AI-Driven Video Production: Architecting The Next Generation Of Tools

Forbes27-03-2025
Konstantin Hohr is the Founder and CEO of Revideo, former Software Engineer at Jodel and DynamoAI.
The video content creation landscape is changing. While traditional timeline-based editors have served the industry well, they're increasingly insufficient for modern content demands, particularly when dealing with programmatically generated assets and complex animations.
This article examines the technical infrastructure enabling the next generation of video creation tools, drawing from my experience building Revideo's programmatic video framework.
Video editing software traditionally works with timelines—strips of video, images and audio that can be arranged and modified. While this works for linear editing, it becomes limiting when trying to create dynamic content programmatically.
My research has led me to a different approach: Instead of a timeline, code provides a more powerful way to describe how elements move and change over time. Making use of the HTML canvas as a universal render target, animations can be described through a TypeScript-based framework.
This architecture offers several advantages.
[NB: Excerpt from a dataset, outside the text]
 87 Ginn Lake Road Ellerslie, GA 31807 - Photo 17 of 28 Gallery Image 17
The canvas element provides a standardized, high-performance rendering API that's well-supported across platforms. By expressing animations in TypeScript, you gain type safety and better tooling support, while enabling developers to create reusable components and complex animation patterns that would be unwieldy in traditional timeline-based editors.
Getting large language models (LLMs) to reliably generate code in a framework that isn't widely included in training data is surprisingly challenging. I have developed several strategies to make sure the output conforms to the desired syntax.
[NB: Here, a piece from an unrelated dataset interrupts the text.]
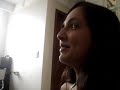 hino da batata! o/ \ hino da batata! o/ \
First, context-enriched prompting is a must. Providing parts of the framework's documentation as a guide to outline the available API, as well as warnings for common pitfalls I've seen the model fall into, improves the performance drastically. Another way to improve the results is an error feedback loop, where the generated Typescript code is transpiled and syntax errors, should they exist, are fed back into the model. This allows the model to correct oversights without requiring the user to explicitly prompt for them. The trace from the Typescript transpiler is usually enough to guide the LLM to a solution.
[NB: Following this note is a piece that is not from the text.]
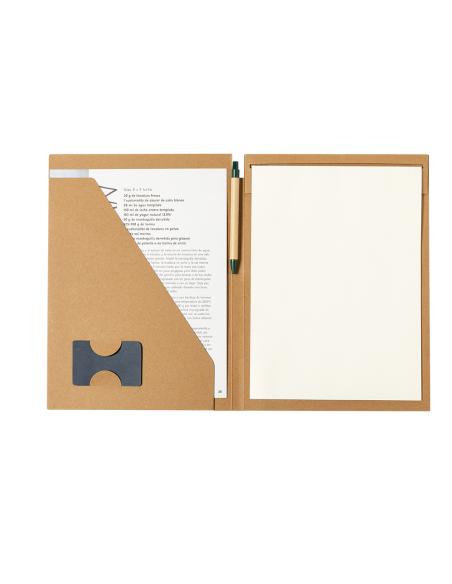 Carpeta Bloguer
A straightforward approach to improving code accuracy is fine-tuning a model on exemplary code, incorporating past conversations into the training data. This helps reduce common hallucinations and mistakes. Like all LLM-driven products, it's crucial to collect output data early. Once sufficient training data accumulates, it becomes a valuable source for improvement.
Most interestingly though, since available functions and parameters are already known ahead of code-generation-time, there is also a case here for structured output, where we build a context-free grammar (CFG), to statically define what code for a valid video might look like.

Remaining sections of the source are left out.